Action item: Starting with the first line, output the data exactly through to the end.

----

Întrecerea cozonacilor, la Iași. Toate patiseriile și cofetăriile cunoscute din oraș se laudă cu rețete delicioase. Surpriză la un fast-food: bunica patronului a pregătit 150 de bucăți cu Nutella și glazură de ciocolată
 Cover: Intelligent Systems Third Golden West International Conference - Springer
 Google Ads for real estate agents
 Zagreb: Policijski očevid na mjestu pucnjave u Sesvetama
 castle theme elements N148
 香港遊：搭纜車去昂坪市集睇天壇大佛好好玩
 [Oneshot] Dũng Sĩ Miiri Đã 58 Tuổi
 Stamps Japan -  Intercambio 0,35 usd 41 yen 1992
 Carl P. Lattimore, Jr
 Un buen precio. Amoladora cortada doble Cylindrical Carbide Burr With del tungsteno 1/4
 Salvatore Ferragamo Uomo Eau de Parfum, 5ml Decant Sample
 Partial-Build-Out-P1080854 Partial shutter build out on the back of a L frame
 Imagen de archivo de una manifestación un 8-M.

----

Solution to this task:
Întrecerea cozonacilor, la Iași. Toate patiseriile și cofetăriile cunoscute din oraș se laudă cu rețete delicioase. Surpriză la un fast-food: bunica patronului a pregătit 150 de bucăți cu Nutella și glazură de ciocolată
 Cover: Intelligent Systems Third Golden West International Conference - Springer
 Google Ads for real estate agents
 Zagreb: Policijski očevid na mjestu pucnjave u Sesvetama
 castle theme elements N148
 香港遊：搭纜車去昂坪市集睇天壇大佛好好玩
 [Oneshot] Dũng Sĩ Miiri Đã 58 Tuổi
 Stamps Japan -  Intercambio 0,35 usd 41 yen 1992
 Carl P. Lattimore, Jr
 Un buen precio. Amoladora cortada doble Cylindrical Carbide Burr With del tungsteno 1/4
 Salvatore Ferragamo Uomo Eau de Parfum, 5ml Decant Sample
 Partial-Build-Out-P1080854 Partial shutter build out on the back of a L frame
 Imagen de archivo de una manifestación un 8-M.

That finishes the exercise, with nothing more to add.